The right method to apply emulsion to the pot’s bottom is by applying it via a sponge or brush. Use a separate tool that isn’t used for other pottery processes. You can use the Kemper Tools Pottery Sponge that comes with a holder to ensure even application of the emulsion. Now, gently coat the upper side and bottom of the pottery. It is critical for you to take some time. If you coat anything less than 1/4th of the inch, you might risk the glaze coming down to the base of the pot and thereby sticking to the kiln’s shelf area.



You don’t have to worry about the emulsion on the base as it will meltdown during the firing, and all you have to do is simply wipe the waxed area with a clean cloth or sponge. Make sure you let the emulsion dry out thoroughly before the glaze is applied to the pottery piece.


2-Use Commercial Emulsions:

As compared to melted wax, commercial emulsions or resists are easy to use. Most of these branded choices can easily be removed after use with the help of warm water soapy solution and brush/sponge. However, you need to keep in mind that each brand has its own directions for cleaning and application. So, make sure you read the introductions thoroughly before applying the same to the pot.

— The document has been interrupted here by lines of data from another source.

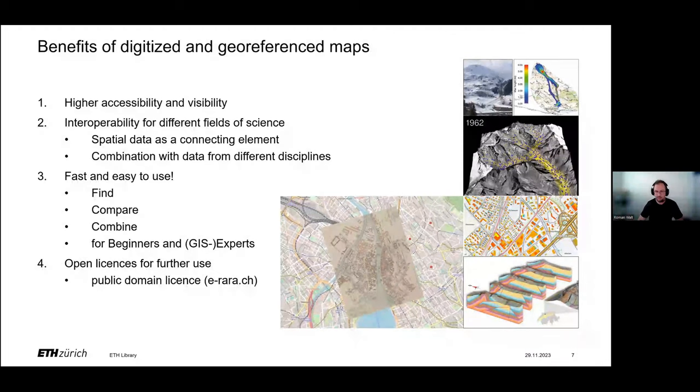As a final point, all georeferenced maps are free to use. Everything that can be found in our portals can be used without any qualification requirements, as we digitize and publish all maps under a public domain license.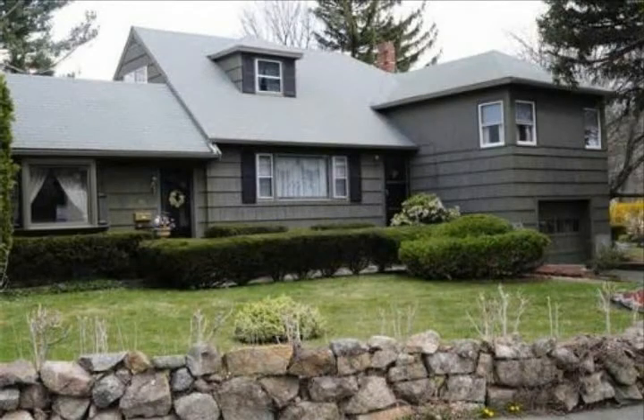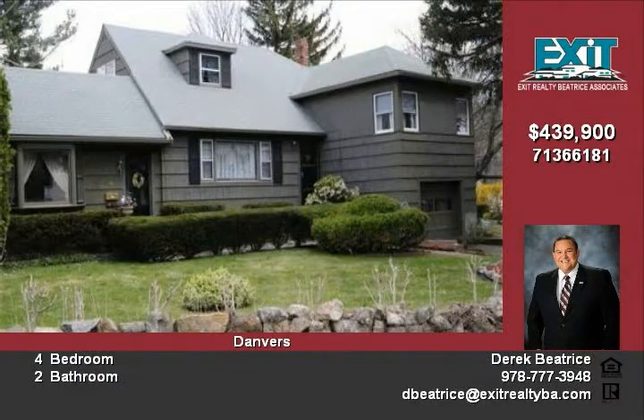Welcome to 16 Vista Drive in Danvers. This custom cape in a family neighborhood is a corner lot, across from a playground, and on a dead-end street.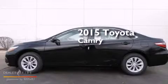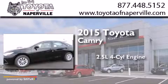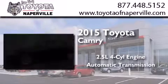This is a brand new 2015 Toyota Camry. It features a 2.5-liter four-cylinder engine and an automatic transmission.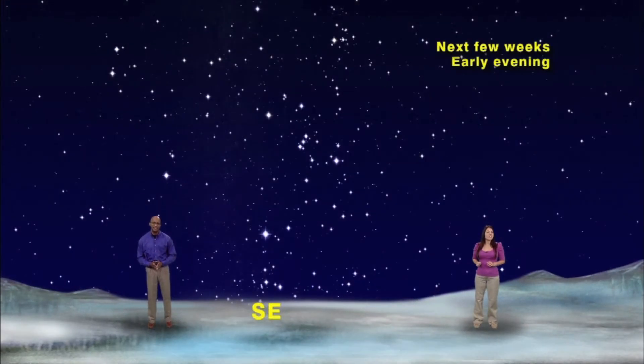Our skies are set up for early evening any day this week. If you look out to the southeast, you will see a constellation which is loaded with bright stars — Orion the Hunter.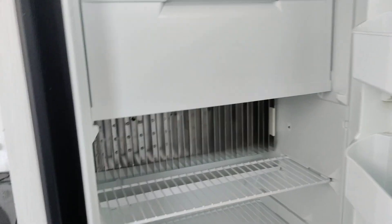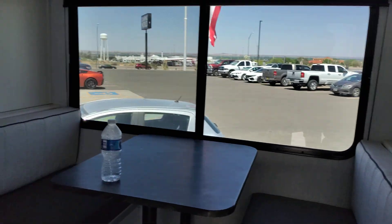There's the fridge. And there's the microwave. And more storage. Pantry area right there. All right, that's the Mallard Pathfinder.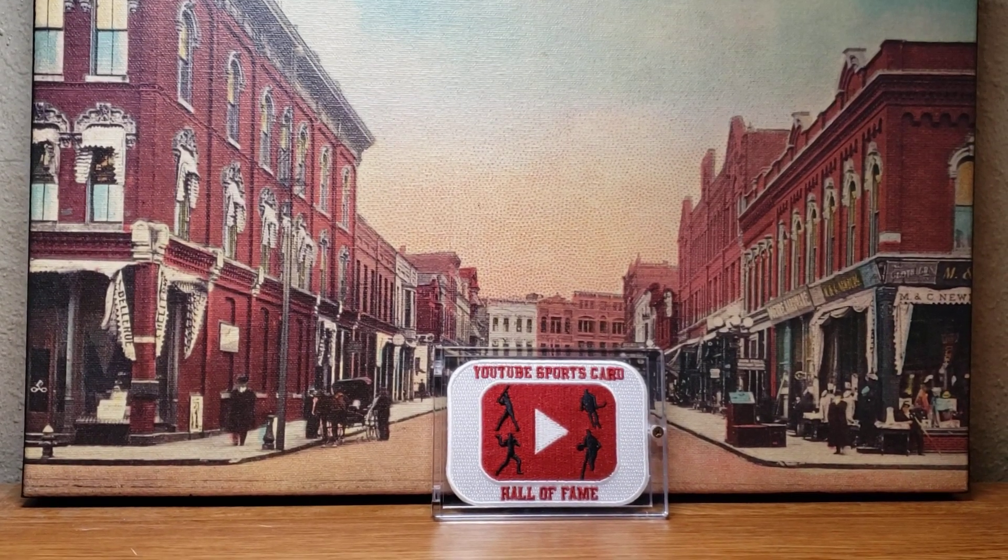What's up YouTube? Scott, Scotty Tradition, back with another video. I'm going to make a video today of a couple pickups that came in over the last few weeks in January. I've got a couple of cool cards that came in, and then we'll talk about the YouTube Sports Card Hall of Fame a little bit, and then finish up with a Wisconsin Sports Update.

3-Emulsions Shouldn’t Have Bubbles During Application:

If your emulsion forms bubbles during the application process, it creates a flimsy layer and might allow the glaze to seep in during the firing process. So, how do bubbles form during the application process? How can you avoid this from happening? The key is to ensure that the emulsion is hot enough and doesn’t get chunky during the application process.

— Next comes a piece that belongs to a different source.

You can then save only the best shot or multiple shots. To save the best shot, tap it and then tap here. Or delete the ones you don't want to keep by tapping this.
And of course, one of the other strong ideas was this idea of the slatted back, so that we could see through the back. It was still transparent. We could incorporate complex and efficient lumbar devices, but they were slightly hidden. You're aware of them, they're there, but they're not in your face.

Apart from this, you also need to ensure that the application is in one direction. Do not move the brush to and fro as it doesn’t allow a smooth application of the emulsion. Moreover, ensure that the layering is even from end to end. This helps prevent any bubble formation and thus doesn’t allow the glaze to seep into the pottery piece.


4-Use Colored Emulsions:

Another great technique for beginners is to use colored emulsions for the application process. Normally, emulsions ensure a transparent application process, but this makes it difficult to track the places that have already been worked on and the areas that haven’t been.


So, go for emulsions that come with a tint. This helps with an easier application process and saves you a lot of time. Moreover, you don’t have to worry about the color affecting the piece as it melts off with the emulsion leaving no trace as such.

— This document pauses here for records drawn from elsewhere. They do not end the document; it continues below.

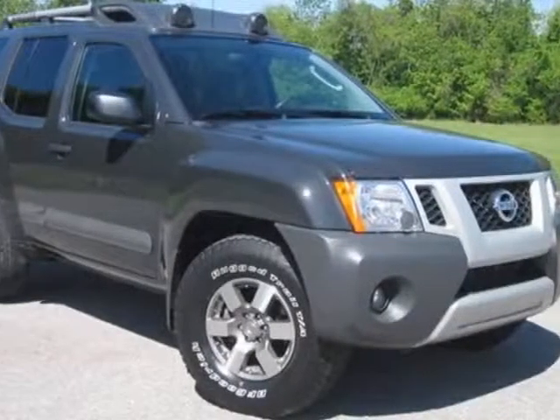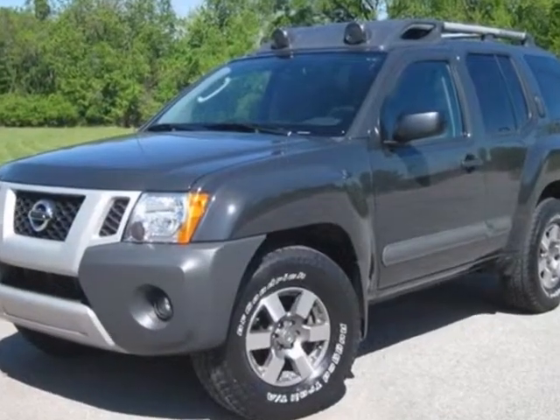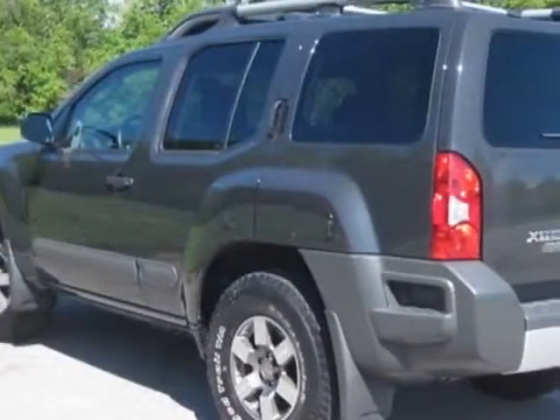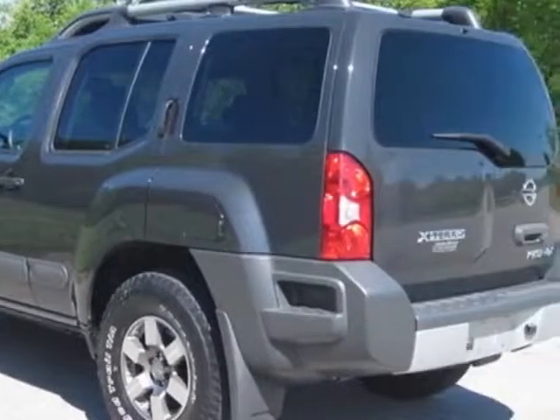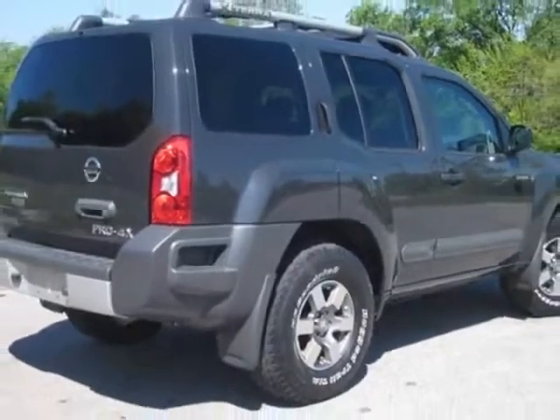Take a look at this 2011 Nissan Xterra. Carfax has certified this Xterra as having one owner. This Xterra has just under 28,500 miles. For your protection, a warranty is available for this vehicle.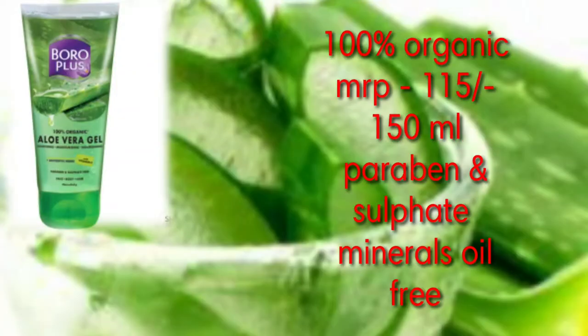This is the Boro Plus Aloe Vera Gel. It is a very pure product and it is very beneficial for your body and hair. It also has Vitamin E which hydrates the skin and gives a glowing effect.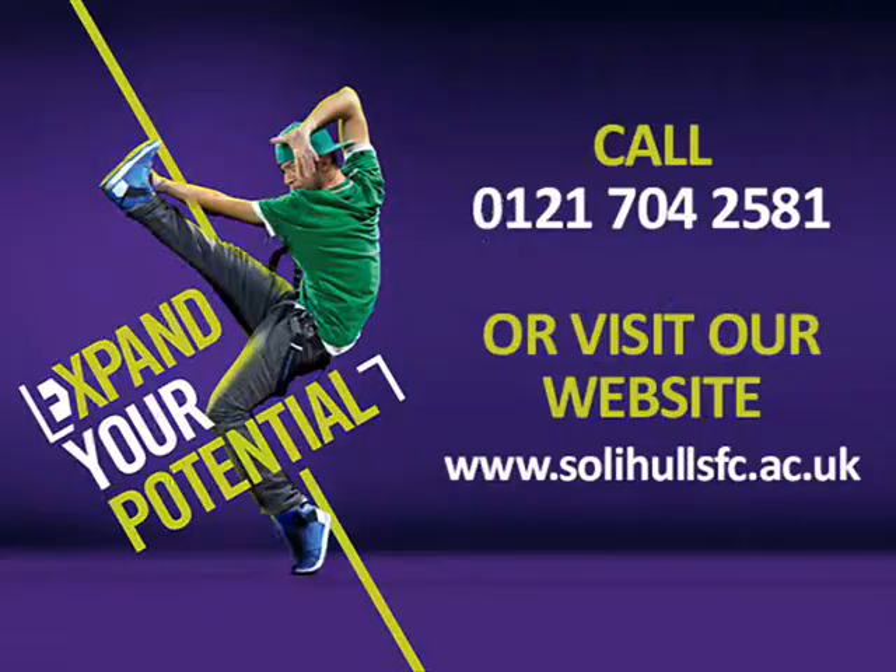To get your copy of our prospectus call the college on 0121 704 2581. More information is also available on our website at www.solihullsfc.ac.uk — click on interactive.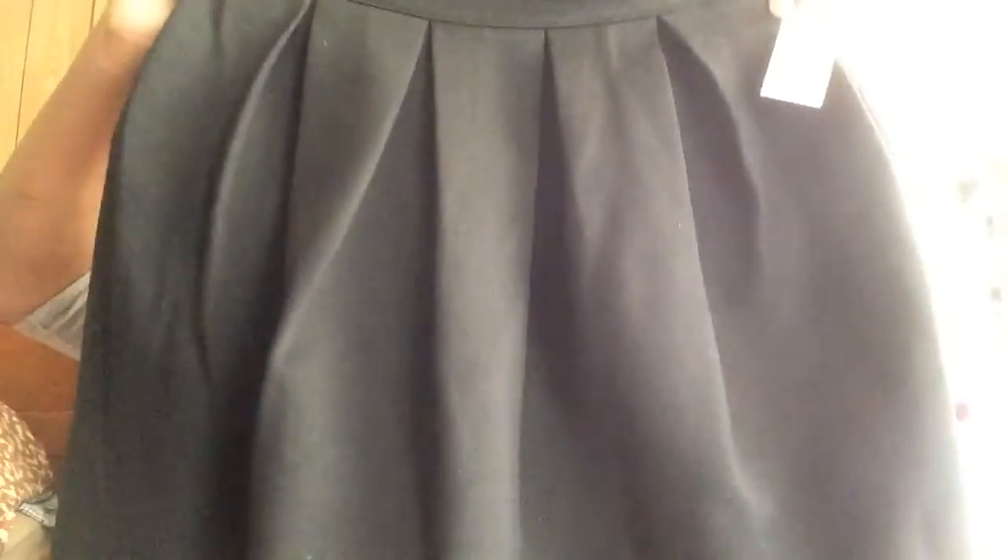The first thing I got is this little black skirt and it's so cute. I love it and I love how the back is — it has like a little zipper. It's so cute and it will definitely be worn with so many outfits.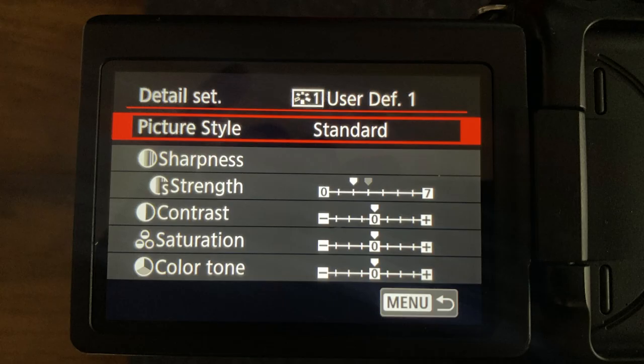Third thing on the list is picture profile. Most DSLRs have built-in presets in your camera. But if you're a beginner and you don't know much about color grading, I recommend choosing the standard profile since it's the most natural looking. But if you have more confidence, you can make your own profile. My settings will look a bit flat, but the reason is so it can have more dynamic range and I can color correct the look I want.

Application of emulsion that is properly tracked will ensure that you do not cover the area that has already been waxed and forget certain sections only to notice this mistake after the firing process. Another way you can ensure proper application of the emulsion is to use a pre-designed stencil.


This will help you carefully apply the resist in any section you desire while restraining any area that shouldn’t be glazed.



With the above tips in mind, you can carefully and successfully apply the emulsion to your pottery, even as a beginner. Depending on your pottery-crafting needs, you can use any type of emulsion from the types mentioned above. However, make sure you test out the emulsion on a spare piece before applying the same in bulk.